1-week Senate vacation ‘challenge’ for Citira’s timely approval, says DOF exec

A week-long break taken by the Senate purportedly for the Philippines’ hosting duties for the 30th Southeast Asian Games (Sea Games) is making it tougher to pass the Corporate Income Tax and Incentives Reform Act (Citira) measure by the end of the year, according to a ranking finance official who is the brainchild of most of the Duterte administration’s tax and fiscal reforms.

Finance Undersecretary Karl Kendrick T. Chua also said a Citira package, imposing higher taxes on alcoholic drinks, heated tobacco and vapes, was already in an “advanced stage” at the Senate—period of interpellation which is coming to a close.

Chua said he was optimistic that that package would pass by yearend and a bicameral committee of the Senate and House of Representatives would be able to reconcile their versions.
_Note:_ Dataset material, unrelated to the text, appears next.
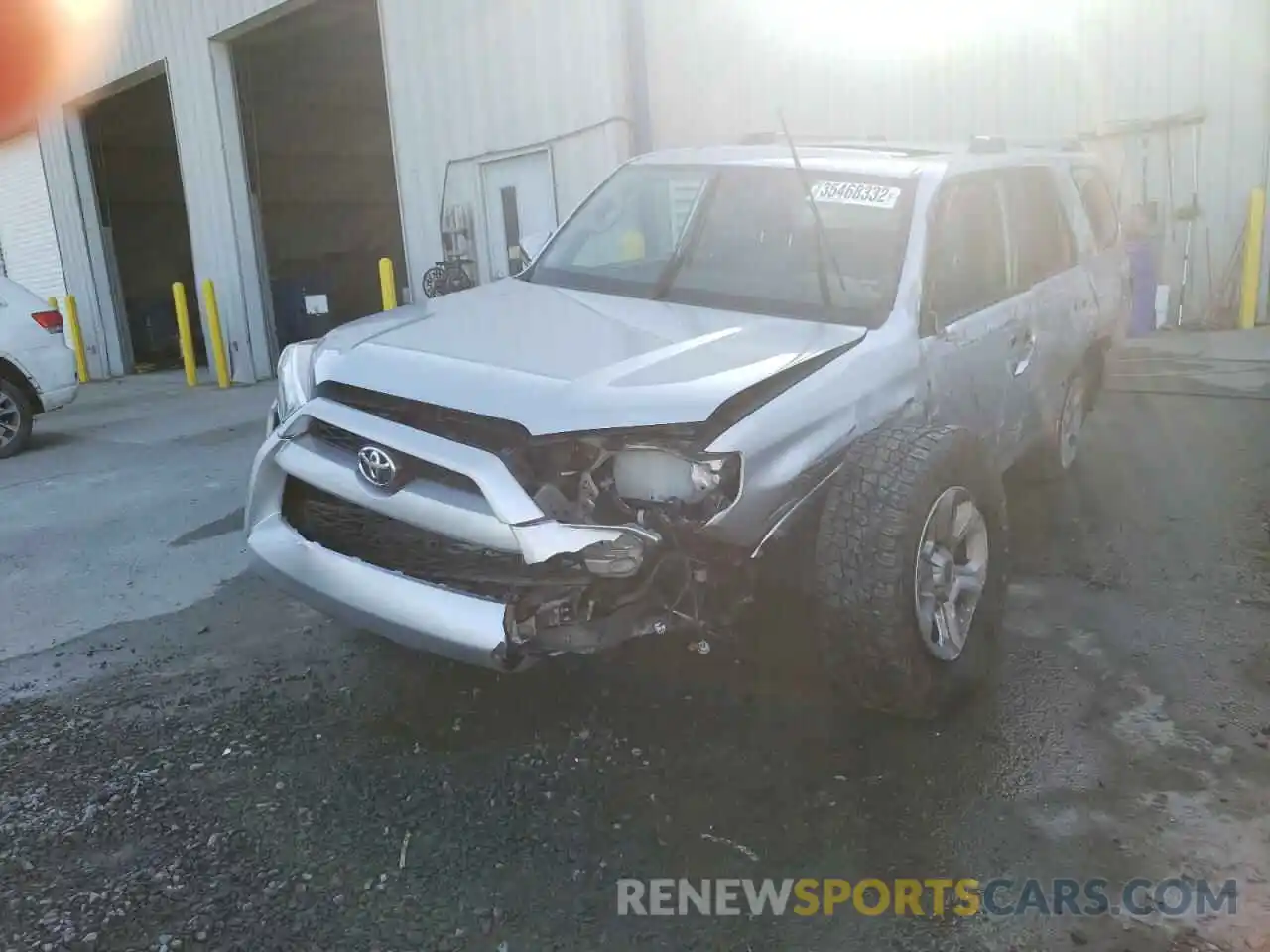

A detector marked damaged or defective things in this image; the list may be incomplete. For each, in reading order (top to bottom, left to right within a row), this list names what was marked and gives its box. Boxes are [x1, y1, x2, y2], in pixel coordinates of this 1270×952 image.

cracked headlight housing [274, 341, 319, 426]
cracked headlight housing [611, 450, 738, 508]
crumpled front bumper [243, 397, 655, 670]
The other package, which reviews and adjusts corporate income tax rates, was more problematic as Chua said he doesn’t see it passing before Congress takes a Christmas break. The package seeks to lower corporate income tax from 30, the highest in Southeast Asia, to 20 percent.

Approval of this package by Congress, Chua said, “will be more challenging because of that one-week” break by the Senate.

Chua’s boss, Finance Secretary Carlos G. Dominguez III, told reporters last week he was still crossing his fingers that “there will be enough time for Citira” in Congress.

“There are very few days and there are lots of issues so that’s what might drag the implementation,” he said.

In a statement on Monday, Dec. 2, Dominguez again pushed for the Citira bill, saying it “will encourage more investments as well as induce better tax compliance.”

The second package, which would revise fiscal incentives, sought to turn these incentives into “performance-based, time-bound, specifically targeted and fully transparent” measures.

“To be clear, we are not eliminating fiscal incentives,” Dominguez said. “We want to keep granting incentives for the right reasons and for the right investments,” he added.